Garcia: Right. Our records are definitely not it or ever have been. The things we do depend so much upon the situation we’re in and upon a sort of a magic thing. We aren’t in such total control of our scene that we can say, “Tonight’s the night, it’s going to be magic tonight.” We can only say we’re going to try it tonight. And whether it’s magic or not is something we can’t predict and nobody else can predict: and even when it’s over and done with, it’s one of those things where nobody’s really sure. It’s subtle and it’s elusive, but it’s real.
Reich: And the magic comes not just from you but from the whole thing.

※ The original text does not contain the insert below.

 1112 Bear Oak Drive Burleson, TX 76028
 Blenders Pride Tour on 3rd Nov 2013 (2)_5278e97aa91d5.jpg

Garcia: The whole thing. The unfortunate thing about the concert situation for us is the stage; and the audience has either a dance floor where they all sit down or seats where they all stand up. It’s too inflexible to allow something new to emerge. It’s a box that we’ve been operating in, and we’ve been operating in it as a survival mechanism, yet hoping to get off when we can. But basically it’s not set up to let us get off, and it’s not set up for the audience to get off either. The reason is that anarchy and chaos are things that scare everybody, or scare a lot of the people—except for the people that get into it.
Wenner: Why doesn’t it scare you?
Garcia: Because I’ve had enough experience with it to where I like it. It’s where new stuff happens. I have never understood exactly why people get scared, but they do get scared for reasons, like to protect oneself, to protect one’s own personal visions of oneself. They’re all paranoid reasons. That’s the thing you stimulate if you fight it. It’s like any high-energy experience: If you fight it, it hurts; if you go with it, it’s like surfing, it’s like catching a big wave (Garcia, Reich, and Wenner 95).
Such creative platforms are uncommon. In Deep Play, Diane Ackerman’s examples of ways in which adults regain a play state are non-interactive, whether occurring in the act of writing a poem, riding a bicycle, climbing a mountain or experiencing the Grand Canyon. Her eloquent descriptions are of the individual state one attains, not on the potential for interactive play or a groupmind sort of experience. But at the height of the Sixties, the idea of mutual and interactive play on a collective level was all the rage. Political scientists have a word for this: revolution.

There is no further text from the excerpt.